By now I am no longer a 'young boy', but an oldie (56 years old). Seasoned in the world of fraud prevention. Concerned with issues such as corruption, money laundering, integrity and governance. I learnt the trade at the Inland Revenue and was lucky enough to work at the FIOD, where I had the opportunity to run small and large cases. In the field of organisational and white-collar crime (e.g. VAT fraud, investment fraud and the reporting fraud at Ahold) and organised crime (e.g. into the Surinamese army chief Desi Bouterse, convicted for drug trafficking, and the 'Hakkelaar gang'). I was also an investigator for the Lower House on several occasions (including the Parliamentary Inquiry into the Construction Fraud, and the investigation into the HBO fraud.
After 18 years in the Tax Office, including 12 years in the FIOD, I made the switch to the Universities for which I still work. Wrote several books and many articles on fraud (investigations). Was called in as an expert by judges, trustees and lawyers.

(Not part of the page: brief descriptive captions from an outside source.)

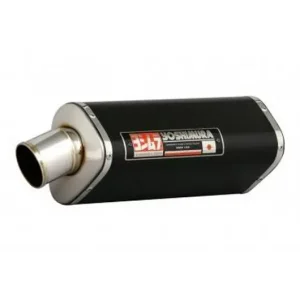 Silencieux d‘échappement Yoshimura Tri-Oval Metal Magic Suzuki 600 GSR 2006-2010 Különleges ajánlat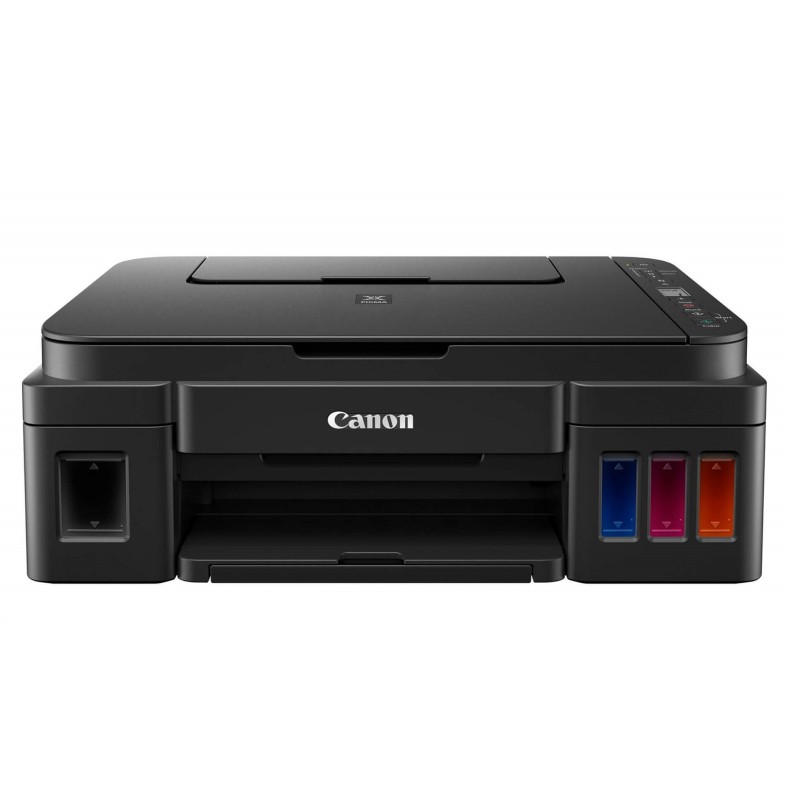 Printer CANON Pixma G3415 All-in-one WiFi + crna tinta gratis CISS 22200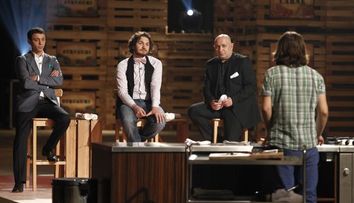O concurenta vrea sa convinga juriul Masterchef cu un preparat afrodisiac
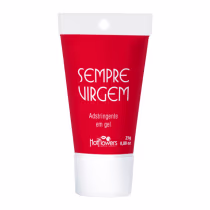 Imagem do produto Adstringente Sempre Virgem Hot Flowers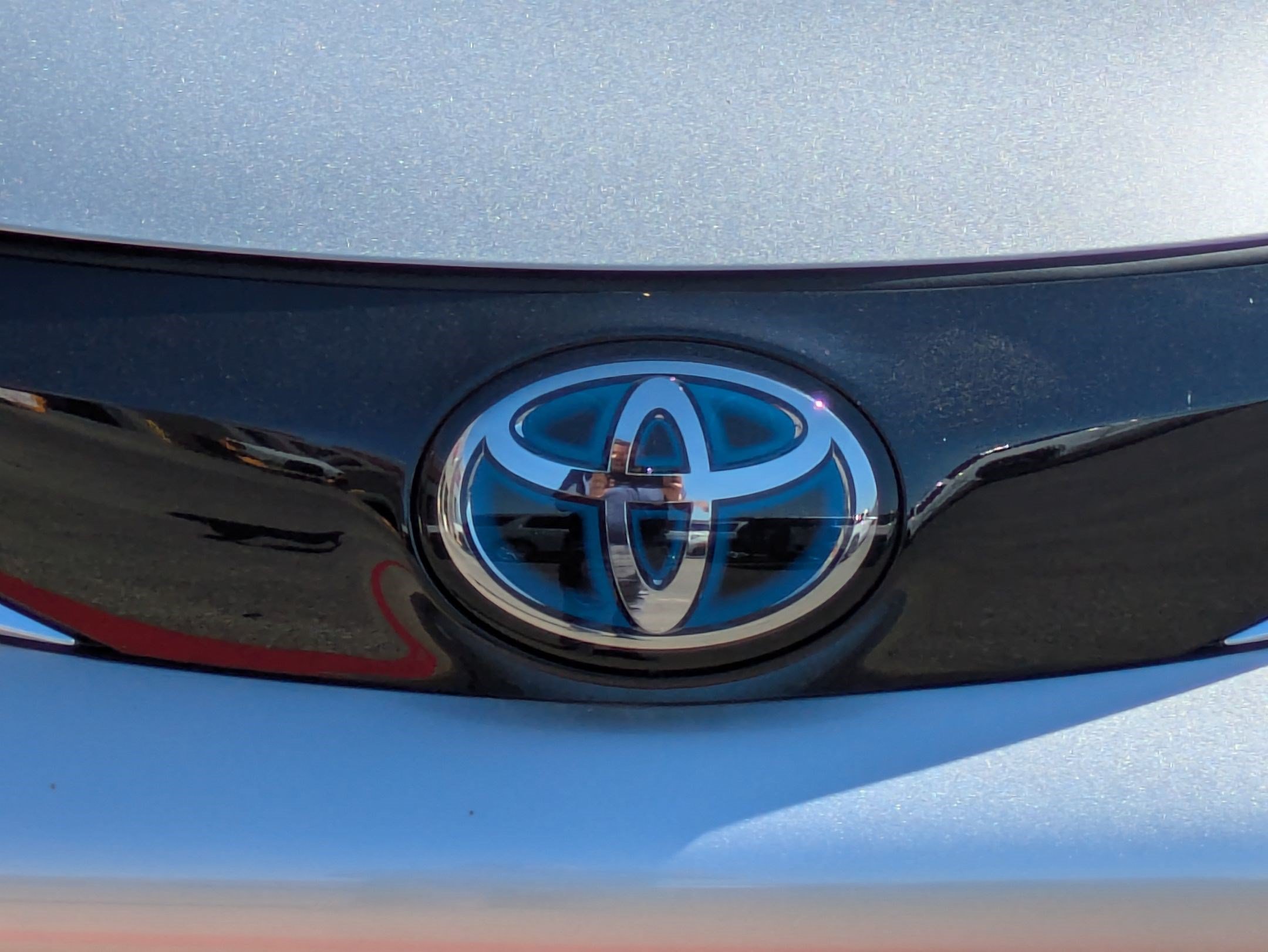 Used 2024 Toyota Sienna Platinum FWD image 13
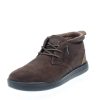 Uomo HEY DUDE Sneakers | Jo Suede - Sneakers In Suede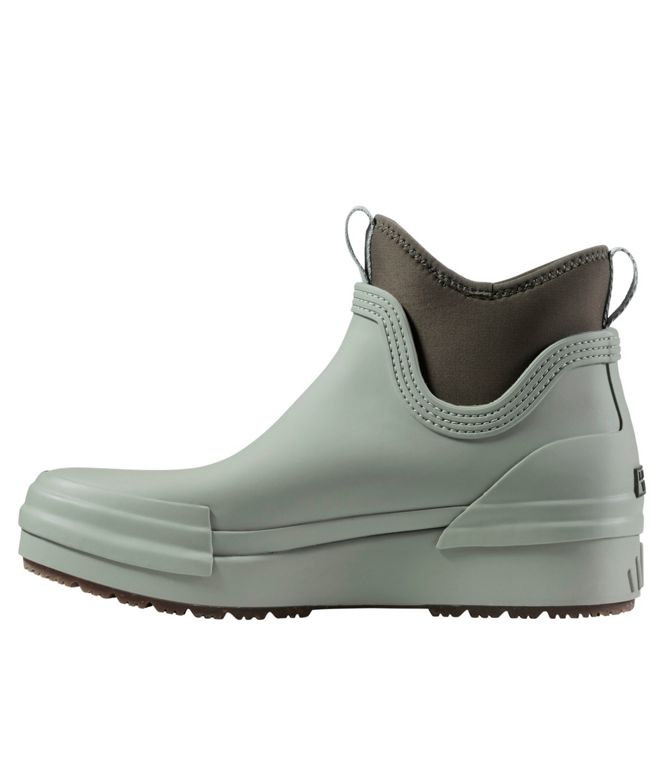 Women's Bean Light Wellie Boot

Reported among other things on the money laundering transactions in the investigation into Willem Holleeder and the property traders Willem Endstra and Dirk Jan Paarlberg, and recently on the role of accountants at Imtech. As a columnist, I wrote hundreds of columns on accountant.nl and have been writing in the Financieele Dagblad for more than 10 years.
From my background and experience, I will write periodically on the subject that has fascinated me for 40 years. A subject as old as the road to Rome. A subject that will always remain topical and should be on the agenda (read: your agenda). A subject that has new manifestations all the time. Greenwashing' - pretending to be better and 'greener' in sustainability reports than you actually are as a company - is the fraud of the future. Thus, the dangers of the crypto industry are increasingly coming to the surface.
In short: plenty to write about. In the form of anecdotes, dealing with current affairs, delving into a technical subject such as fraud risk analysis or the fraud triangle, going into the psyche of the fraudster, interpreting investigations into the nature and extent of fraud and highlighting the (sometimes dubious) role of the accountant.